Advancements in CAR T-Cell Therapy: Overcoming Antigen Escape and Immune Rejection with Dual-Antigen Targeting

The abstract discusses the development of an alternative strategy for treating progressive diseases post autologous CD19 CAR T treatment, which often occurs due to antigen escape. The proposed solution involves the use of allogeneic CAR T cells from healthy donors, which can be rapidly deployed. The study also suggests combining this with autologous CD22 CAR T therapeutics to potentially overcome antigen escape issues.

Researchers have developed a hypoimmune, allogeneic CAR T cell product by disrupting the TRAC gene to mitigate graft-versus-host disease (GvHD), disrupting B2M and CIITA genes to support immune evasion, and overexpressing CD47 to promote persistence and innate immune evasion. This approach is aimed at creating CAR T cell products with enhanced clinical durability.

The methodology involved engineering healthy donor T cells to evade innate immunity by transducing them with a lentivirus encoding CD47, attached to either CD19 or CD22 CAR to create dual-transduced CAR T cells overexpressing CD47. These cells were then subjected to in vitro and in vivo analysis against various leukemia and lymphoma cell lines. The efficiency of transduction was measured using flow cytometry and vector copy number (VCN), while cytotoxicity and cytokine production were assessed using IncuCyte and meso scale discovery analysis.

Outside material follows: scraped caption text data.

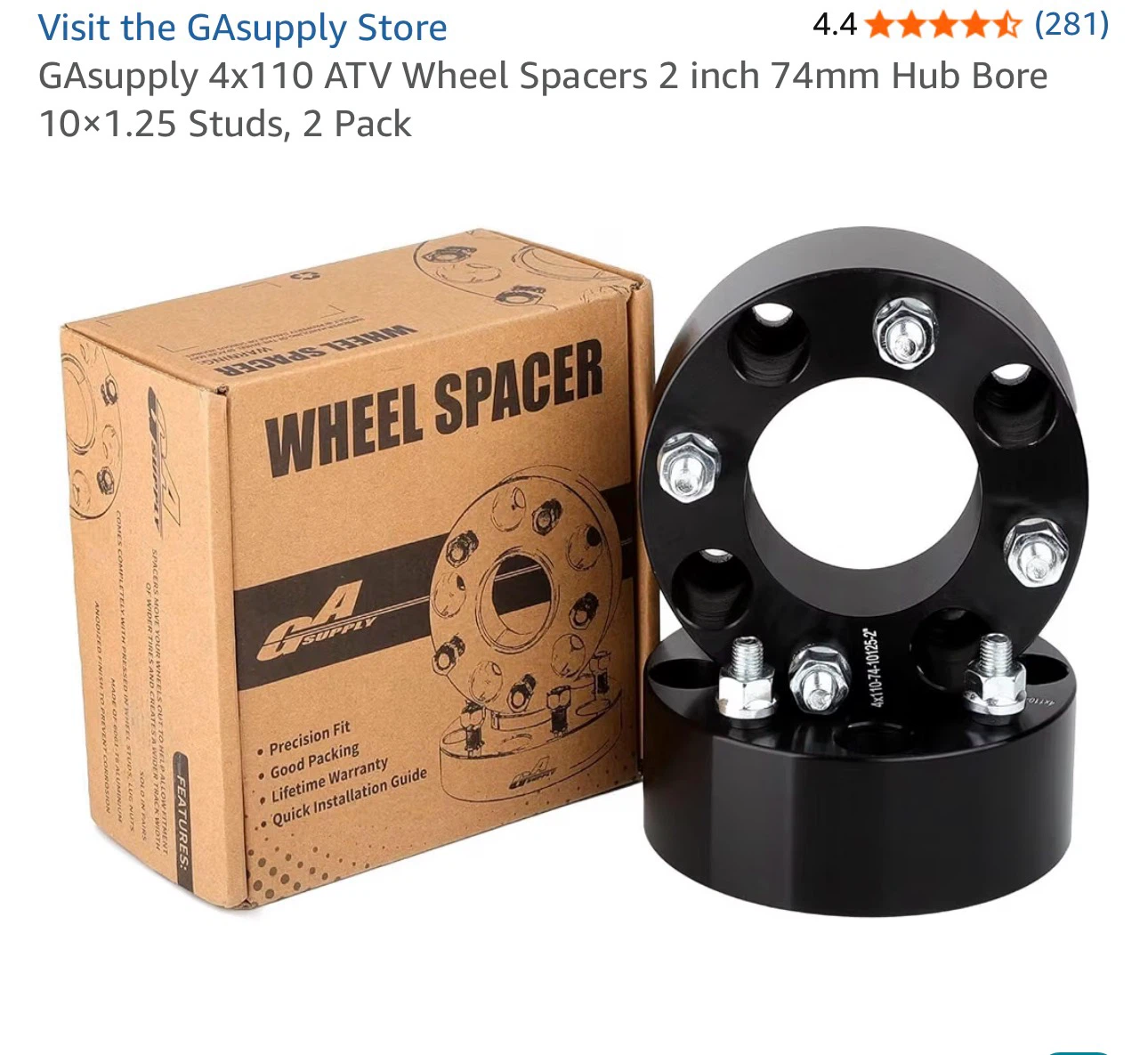GAsupply 4x110 ATV Wheel Spacers - 2 inch - photo 2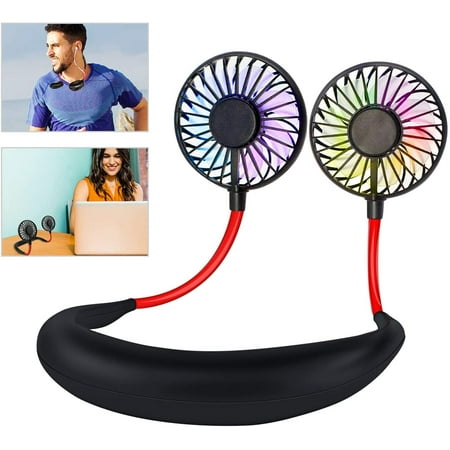 

Bladeless Neck Fan Leafless Face Fans Around Neck for Hot Flashes Home Office Travel Outdoor Sports Folding Neckband Fan for Your Neck Last for 3-8 Hours with LED Light Table Fan Speed Adjustable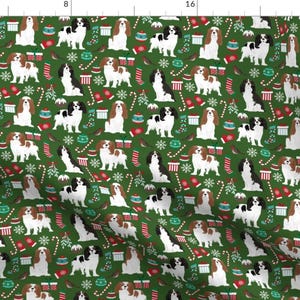 Holiday Spaniel Fabric - Cavalier King Charles Spaniel Christmas Dog By Petfriendly - Winter Dog Cotton Fabric by the Yard with Spoonflower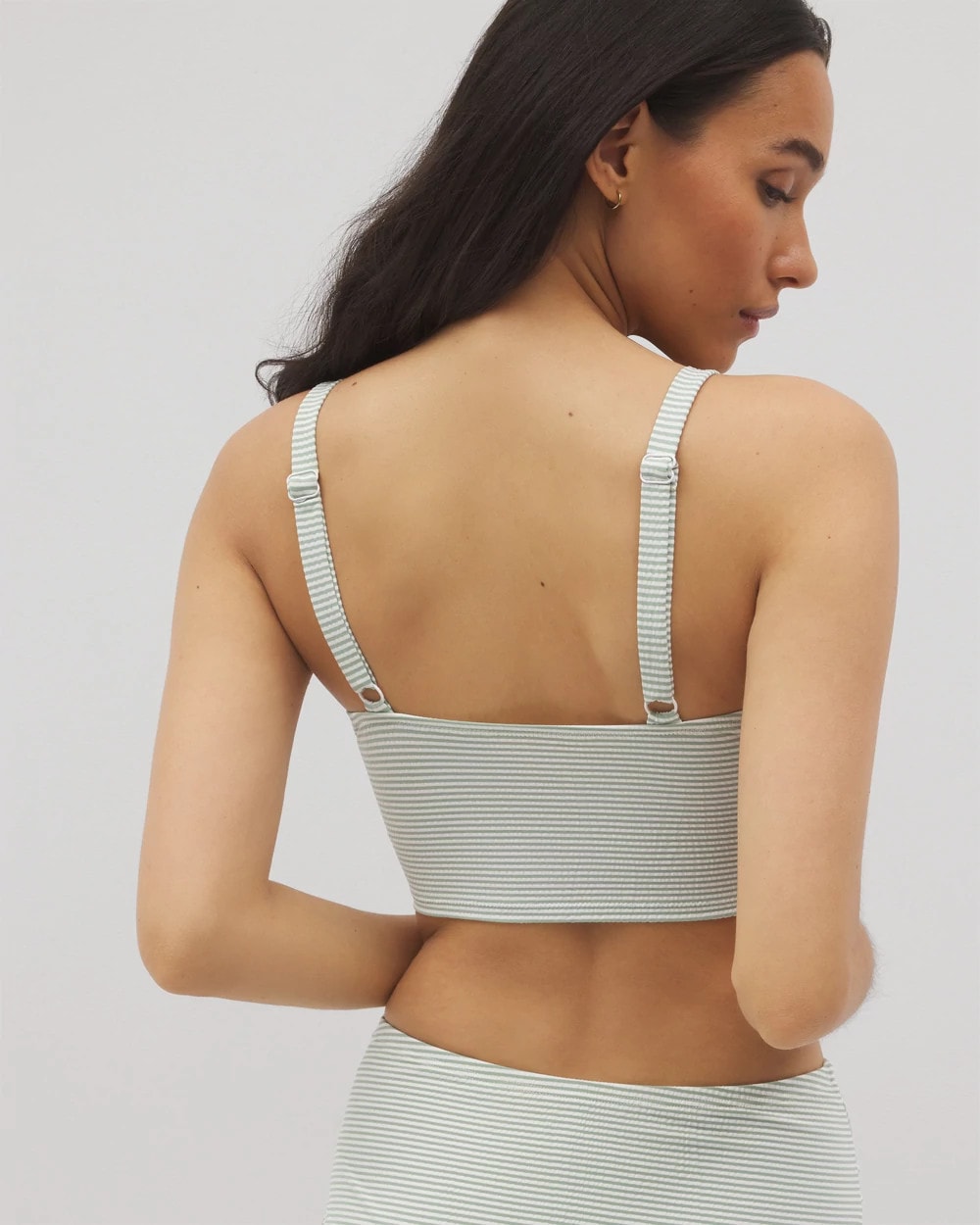 Seersucker V-Wire Cropped Bikini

The study also involved creating hypoimmune versions of these CAR T cells by disrupting the B2M, CIITA, and TRAC genes using CRISPR-Cas12b technology. These hypoimmune CAR T cells were then analyzed in vitro and in vivo.

The results showed that the dual-transduced CAR T cells were efficient in controlling tumor growth in both in vitro and in vivo models. They also demonstrated a higher cytokine response compared to single CAR controls at low effector-to-target (E:T) ratios. The hypoimmune CAR T cells showed comparable cytotoxicity and cytokine responses to non-hypoimmune CAR T cells.

The study concludes that dual-transduced CD19 CAR x CD22 CAR T cells are effective in controlling antigen knockout models and may provide a universal CAR T cell solution that persists without immunosuppression while mitigating antigen escape. Ongoing research is evaluating how these hypoimmune CAR T cells evade adaptive and innate immune recognition.